§ Work item
Find every line in the records that holds the string "Travel". Copy each one.

§ Source material
● ● ● ● ● ● ●
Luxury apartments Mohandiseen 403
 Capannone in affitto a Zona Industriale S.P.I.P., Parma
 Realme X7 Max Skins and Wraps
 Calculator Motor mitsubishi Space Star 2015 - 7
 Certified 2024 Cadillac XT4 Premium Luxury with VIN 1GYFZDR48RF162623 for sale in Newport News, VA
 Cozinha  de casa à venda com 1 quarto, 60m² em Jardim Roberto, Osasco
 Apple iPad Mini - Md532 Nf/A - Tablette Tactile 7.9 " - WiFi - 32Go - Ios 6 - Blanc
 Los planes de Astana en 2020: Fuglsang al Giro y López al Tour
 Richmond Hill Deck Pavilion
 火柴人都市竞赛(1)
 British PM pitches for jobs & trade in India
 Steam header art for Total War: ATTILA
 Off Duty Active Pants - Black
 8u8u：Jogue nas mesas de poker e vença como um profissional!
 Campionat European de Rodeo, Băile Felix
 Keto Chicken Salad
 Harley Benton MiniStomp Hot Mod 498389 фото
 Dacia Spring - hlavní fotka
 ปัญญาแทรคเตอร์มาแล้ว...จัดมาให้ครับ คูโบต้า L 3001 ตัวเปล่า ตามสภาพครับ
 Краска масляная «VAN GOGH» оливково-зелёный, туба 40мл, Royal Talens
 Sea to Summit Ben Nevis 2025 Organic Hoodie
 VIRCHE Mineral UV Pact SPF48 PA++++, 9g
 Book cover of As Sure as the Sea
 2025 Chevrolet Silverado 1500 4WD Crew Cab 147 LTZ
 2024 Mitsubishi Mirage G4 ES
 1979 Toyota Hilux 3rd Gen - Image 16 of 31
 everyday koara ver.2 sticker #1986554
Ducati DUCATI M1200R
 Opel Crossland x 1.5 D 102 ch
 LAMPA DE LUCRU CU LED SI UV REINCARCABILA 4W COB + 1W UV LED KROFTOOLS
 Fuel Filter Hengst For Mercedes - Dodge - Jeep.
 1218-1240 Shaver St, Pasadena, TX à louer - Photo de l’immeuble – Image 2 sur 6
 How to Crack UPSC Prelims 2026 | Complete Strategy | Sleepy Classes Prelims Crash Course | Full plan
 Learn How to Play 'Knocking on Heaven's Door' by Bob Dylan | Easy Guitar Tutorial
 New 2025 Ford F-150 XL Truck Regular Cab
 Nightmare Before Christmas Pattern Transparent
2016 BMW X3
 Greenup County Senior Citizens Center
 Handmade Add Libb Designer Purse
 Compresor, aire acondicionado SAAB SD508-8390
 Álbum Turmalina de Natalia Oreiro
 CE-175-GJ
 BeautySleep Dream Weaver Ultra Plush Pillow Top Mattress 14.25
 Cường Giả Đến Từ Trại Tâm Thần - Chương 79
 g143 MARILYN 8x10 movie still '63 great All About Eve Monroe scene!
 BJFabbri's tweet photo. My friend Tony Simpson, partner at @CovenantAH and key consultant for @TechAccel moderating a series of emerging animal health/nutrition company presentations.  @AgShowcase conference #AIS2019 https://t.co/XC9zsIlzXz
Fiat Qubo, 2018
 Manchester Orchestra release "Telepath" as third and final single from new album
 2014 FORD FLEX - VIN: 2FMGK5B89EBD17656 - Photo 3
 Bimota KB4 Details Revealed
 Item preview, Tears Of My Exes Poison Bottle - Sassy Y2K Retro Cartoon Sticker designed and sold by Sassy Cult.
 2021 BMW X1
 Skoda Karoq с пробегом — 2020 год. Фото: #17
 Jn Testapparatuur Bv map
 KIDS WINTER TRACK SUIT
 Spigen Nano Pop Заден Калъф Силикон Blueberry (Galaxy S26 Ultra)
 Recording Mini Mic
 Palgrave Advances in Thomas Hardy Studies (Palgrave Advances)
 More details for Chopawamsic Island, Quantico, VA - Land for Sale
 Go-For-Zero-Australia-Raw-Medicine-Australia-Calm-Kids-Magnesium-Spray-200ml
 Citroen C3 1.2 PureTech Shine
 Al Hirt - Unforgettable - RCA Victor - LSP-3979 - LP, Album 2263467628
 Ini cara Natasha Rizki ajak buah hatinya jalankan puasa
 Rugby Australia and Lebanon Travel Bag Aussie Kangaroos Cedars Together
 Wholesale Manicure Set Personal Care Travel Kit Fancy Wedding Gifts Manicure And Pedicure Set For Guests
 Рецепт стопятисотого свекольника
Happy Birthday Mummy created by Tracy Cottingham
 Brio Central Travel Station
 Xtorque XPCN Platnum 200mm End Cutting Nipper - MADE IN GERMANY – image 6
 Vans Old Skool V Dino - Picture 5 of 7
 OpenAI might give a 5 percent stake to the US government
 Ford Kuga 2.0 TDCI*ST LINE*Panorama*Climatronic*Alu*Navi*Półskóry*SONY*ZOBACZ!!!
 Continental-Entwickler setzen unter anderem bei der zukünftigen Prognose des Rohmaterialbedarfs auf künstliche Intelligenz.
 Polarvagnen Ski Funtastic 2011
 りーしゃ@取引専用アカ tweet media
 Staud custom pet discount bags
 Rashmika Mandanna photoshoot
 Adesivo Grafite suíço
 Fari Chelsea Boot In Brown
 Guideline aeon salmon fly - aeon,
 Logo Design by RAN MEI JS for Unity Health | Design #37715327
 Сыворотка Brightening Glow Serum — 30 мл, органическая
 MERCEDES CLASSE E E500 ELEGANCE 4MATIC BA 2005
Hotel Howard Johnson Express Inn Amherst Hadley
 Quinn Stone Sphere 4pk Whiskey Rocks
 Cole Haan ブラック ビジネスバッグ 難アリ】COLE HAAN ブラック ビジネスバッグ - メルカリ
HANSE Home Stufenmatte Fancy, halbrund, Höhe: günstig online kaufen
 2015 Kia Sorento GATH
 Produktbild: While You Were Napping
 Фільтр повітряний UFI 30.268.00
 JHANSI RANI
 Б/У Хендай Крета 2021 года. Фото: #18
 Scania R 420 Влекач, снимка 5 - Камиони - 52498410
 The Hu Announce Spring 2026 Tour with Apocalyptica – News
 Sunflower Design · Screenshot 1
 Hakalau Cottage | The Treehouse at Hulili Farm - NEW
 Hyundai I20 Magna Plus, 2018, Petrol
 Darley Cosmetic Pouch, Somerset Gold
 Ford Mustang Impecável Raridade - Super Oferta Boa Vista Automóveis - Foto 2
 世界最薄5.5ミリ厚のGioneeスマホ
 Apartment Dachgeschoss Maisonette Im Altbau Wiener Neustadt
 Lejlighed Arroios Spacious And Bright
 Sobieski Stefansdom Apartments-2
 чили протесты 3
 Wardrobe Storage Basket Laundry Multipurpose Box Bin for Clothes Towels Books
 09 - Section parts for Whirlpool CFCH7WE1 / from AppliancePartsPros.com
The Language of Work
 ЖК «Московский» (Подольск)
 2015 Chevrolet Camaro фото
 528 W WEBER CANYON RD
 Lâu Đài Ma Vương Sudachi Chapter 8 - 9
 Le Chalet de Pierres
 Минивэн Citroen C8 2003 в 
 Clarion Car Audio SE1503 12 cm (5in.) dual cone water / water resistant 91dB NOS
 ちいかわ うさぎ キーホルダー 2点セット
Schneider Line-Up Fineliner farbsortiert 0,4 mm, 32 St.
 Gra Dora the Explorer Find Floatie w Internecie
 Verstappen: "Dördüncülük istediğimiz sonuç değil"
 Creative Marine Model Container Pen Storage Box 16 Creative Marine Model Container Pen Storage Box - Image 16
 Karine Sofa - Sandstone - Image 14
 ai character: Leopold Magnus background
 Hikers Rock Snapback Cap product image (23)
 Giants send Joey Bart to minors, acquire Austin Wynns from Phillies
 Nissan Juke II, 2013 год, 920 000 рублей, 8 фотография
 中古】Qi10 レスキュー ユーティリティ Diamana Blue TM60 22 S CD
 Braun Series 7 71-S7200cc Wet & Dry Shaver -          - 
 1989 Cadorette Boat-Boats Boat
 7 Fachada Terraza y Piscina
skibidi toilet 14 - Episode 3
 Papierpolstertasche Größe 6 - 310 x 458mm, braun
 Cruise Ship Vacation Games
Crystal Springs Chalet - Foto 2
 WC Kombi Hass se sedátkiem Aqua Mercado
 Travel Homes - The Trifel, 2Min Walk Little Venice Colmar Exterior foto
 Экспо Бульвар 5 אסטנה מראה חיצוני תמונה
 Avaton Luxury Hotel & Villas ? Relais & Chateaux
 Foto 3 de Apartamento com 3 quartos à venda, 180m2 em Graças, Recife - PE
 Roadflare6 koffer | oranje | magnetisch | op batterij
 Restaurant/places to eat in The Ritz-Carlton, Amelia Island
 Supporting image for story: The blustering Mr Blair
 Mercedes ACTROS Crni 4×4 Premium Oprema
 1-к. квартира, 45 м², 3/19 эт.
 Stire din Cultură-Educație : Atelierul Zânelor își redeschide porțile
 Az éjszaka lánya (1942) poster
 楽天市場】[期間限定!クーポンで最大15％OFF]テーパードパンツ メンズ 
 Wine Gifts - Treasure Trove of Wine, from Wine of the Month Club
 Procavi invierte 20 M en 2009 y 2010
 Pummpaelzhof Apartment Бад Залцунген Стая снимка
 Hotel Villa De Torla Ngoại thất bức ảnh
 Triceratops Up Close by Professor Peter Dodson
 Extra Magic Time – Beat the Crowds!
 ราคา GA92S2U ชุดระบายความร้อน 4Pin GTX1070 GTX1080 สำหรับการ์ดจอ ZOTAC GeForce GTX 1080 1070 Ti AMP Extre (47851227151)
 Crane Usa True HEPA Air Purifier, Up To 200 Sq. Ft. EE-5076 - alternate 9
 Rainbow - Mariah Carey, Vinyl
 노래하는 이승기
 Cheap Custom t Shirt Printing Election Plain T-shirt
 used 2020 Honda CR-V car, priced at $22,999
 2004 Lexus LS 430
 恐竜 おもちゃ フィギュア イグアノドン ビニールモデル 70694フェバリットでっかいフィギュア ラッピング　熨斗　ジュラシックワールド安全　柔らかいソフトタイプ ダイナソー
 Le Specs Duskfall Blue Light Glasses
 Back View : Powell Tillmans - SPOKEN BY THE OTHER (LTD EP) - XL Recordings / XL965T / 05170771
● ● ● ● ● ● ●
§ Answer to this task
 Rugby Australia and Lebanon Travel Bag Aussie Kangaroos Cedars Together
 Wholesale Manicure Set Personal Care Travel Kit Fancy Wedding Gifts Manicure And Pedicure Set For Guests
 Brio Central Travel Station
 Travel Homes - The Trifel, 2Min Walk Little Venice Colmar Exterior foto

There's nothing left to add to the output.